If the palatial Belz beis medrash in Yerushalayim is meant to recall the malchus of pre-war Chassidus in Europe, Ohr HaTorah speaks of using the blessings of American success to enhance the Torah’s honor. The interior is spacious and ultra-modern. Fixtures and furnishings are neither Spartan-functional nor gaudy-opulent. They go beyond attractive to impressive, telling the outsider that in this building you will find the warmth of the shtetl without sacrificing your sense of the esthetic.
The school offered its surprises as well, operating along similar lines of priorities well chosen. It began only about seven years ago, when some of the parents wanted the genders separated at an earlier age than the centrist school, and quickly grew to about 250 students, housed in a modest but well maintained converted supermarket. Here, too, the bnei Torah are the dominant flavor in the mix, despite a heterogeneous parent body. The dress code is comparable to what you would expect in any yeshivish school, but that is where the uniformity ends. Torah Day School of Dallas (TDSD) – taking its guidance from gedolei Roshei Yeshiva (especially Rav Ahron Schechter, shlit”a) welcomes children from weaker backgrounds, including non-shomrei Shabbos homes. They are equipped to handle them, and encourage the parent body to roll out the red carpet to newcomer children and their parents. Secular studies are treated seriously. They have an art classroom that no one seems to have mounted any objection to; the board outside it mounted a display on the work of Chagall.
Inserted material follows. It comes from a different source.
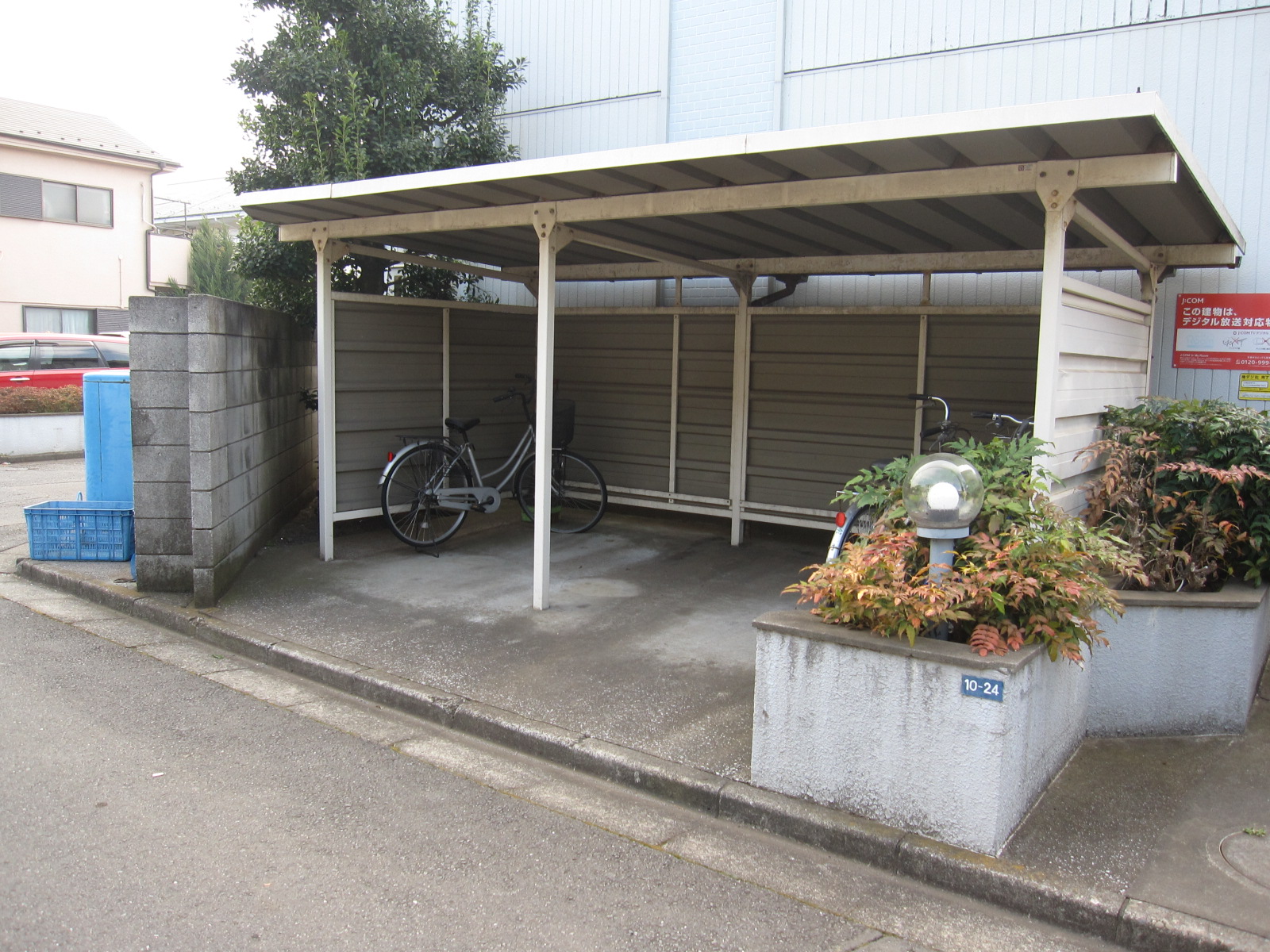 Other common areas. Bicycle-parking space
It works. Parents claim that it is the religiously better equipped children who influence the less frum kids at TDSD, rather than the other way around. Mixing the student population does not prevent the boys with the strongest backgrounds from going on to yeshivish high schools (R. Shlanger’s in Baltimore is one of the favored destinations) when they leave eighth grade.
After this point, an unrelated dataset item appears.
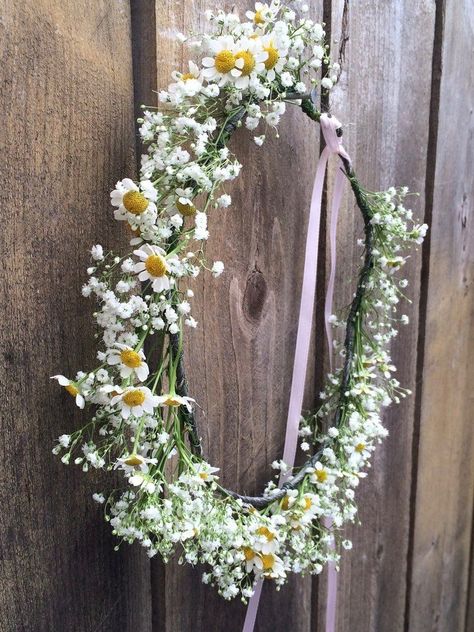 Flower Crown Bar, Baby Breath Flower Crown, Daisy Crown, Wedding Flower Guide, Bridal Flower Crown, Flower Guide, Flower Girl Headbands, Flower Crown Wedding, Flower Crowns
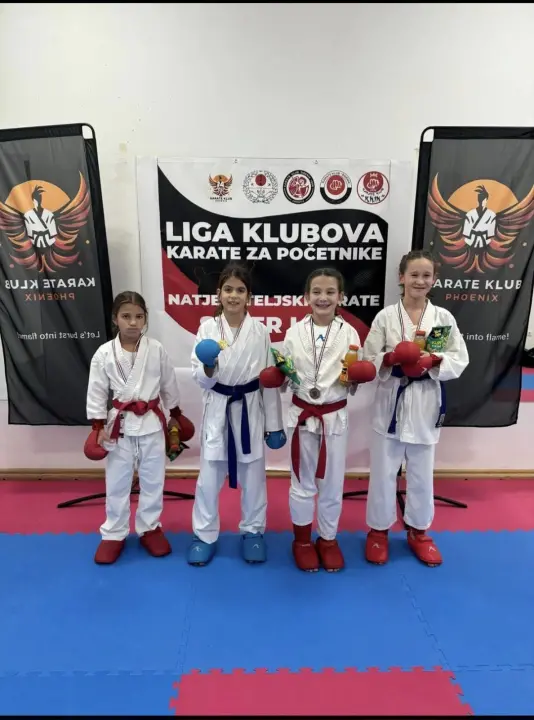 Policijski pas Tigar unio je veselje među mlade karataše u Murteru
I was thrilled with my inspection tour for two reasons. First of all, all of my grandchildren are learning, and happy in the school. They have lots of friends, despite moving from LA just a few months ago. A different part of me – the part that has been doing kiruv for over thirty years – was pleased on a different level. The weekly bulletin sent home to parents to boast of the school’s accomplishments devoted considerable space to Martin Luther King Day. Most schools in the city closed; TDSD did not. It did something much better, devoting time in many classes to studying the work and legacy of Dr. King. I have not seen many right-of-center schools that recognize MLK Day at all. On the other hand, I have seen all too many potential ba’alei teshuvah turned off forever by a single racist remark at a Shabbos table. TDSD is going to make sure that its students know that tzelem Elokim is color blind, that Dr King was a great friend of Israel, and that his teachings spared the lives of hundreds of people who could have been killed had the civil rights battle ignored his call for non-violence.
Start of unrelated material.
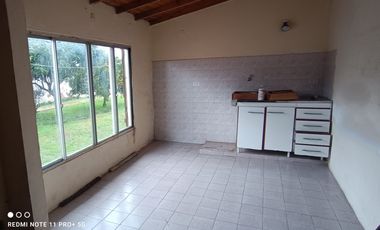 ALQUILER 24 M CASA 4 AMB QUINCHO O DEPTO  Y PARQUE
Regrettably, I am certain that there will be some who will read these lines and react with mockery and derision. In the end, though, they will pass on to their children some good laughs, a good deal more small-mindedness, and the potential for much chilul Hashem in the future. The administration of TDSD, on the other hand, will quietly educate their charges in the true darkei noam / ways of pleasantness of the Torah, while continuing to attract new families through their Kiddush Hashem.
I left Dallas a bit more forgiving of my son for having abandoned my wife and me in Los Angeles.